_ASSIGNED TASK_
Type the entries out once more. Match them exactly.

_PROVIDED RECORDS_
************

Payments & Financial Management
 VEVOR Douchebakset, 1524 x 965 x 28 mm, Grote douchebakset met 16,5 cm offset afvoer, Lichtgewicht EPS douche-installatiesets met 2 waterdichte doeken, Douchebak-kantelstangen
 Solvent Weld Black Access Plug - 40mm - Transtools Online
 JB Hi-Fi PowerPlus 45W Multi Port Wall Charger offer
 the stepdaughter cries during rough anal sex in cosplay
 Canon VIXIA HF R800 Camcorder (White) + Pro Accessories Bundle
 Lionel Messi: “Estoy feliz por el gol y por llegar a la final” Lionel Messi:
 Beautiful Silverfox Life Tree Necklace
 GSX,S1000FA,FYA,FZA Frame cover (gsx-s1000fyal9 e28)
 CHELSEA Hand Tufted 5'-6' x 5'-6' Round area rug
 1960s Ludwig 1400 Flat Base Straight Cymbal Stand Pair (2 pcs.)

************

_EXPECTED ANSWER_
Payments & Financial Management
 VEVOR Douchebakset, 1524 x 965 x 28 mm, Grote douchebakset met 16,5 cm offset afvoer, Lichtgewicht EPS douche-installatiesets met 2 waterdichte doeken, Douchebak-kantelstangen
 Solvent Weld Black Access Plug - 40mm - Transtools Online
 JB Hi-Fi PowerPlus 45W Multi Port Wall Charger offer
 the stepdaughter cries during rough anal sex in cosplay
 Canon VIXIA HF R800 Camcorder (White) + Pro Accessories Bundle
 Lionel Messi: “Estoy feliz por el gol y por llegar a la final” Lionel Messi:
 Beautiful Silverfox Life Tree Necklace
 GSX,S1000FA,FYA,FZA Frame cover (gsx-s1000fyal9 e28)
 CHELSEA Hand Tufted 5'-6' x 5'-6' Round area rug
 1960s Ludwig 1400 Flat Base Straight Cymbal Stand Pair (2 pcs.)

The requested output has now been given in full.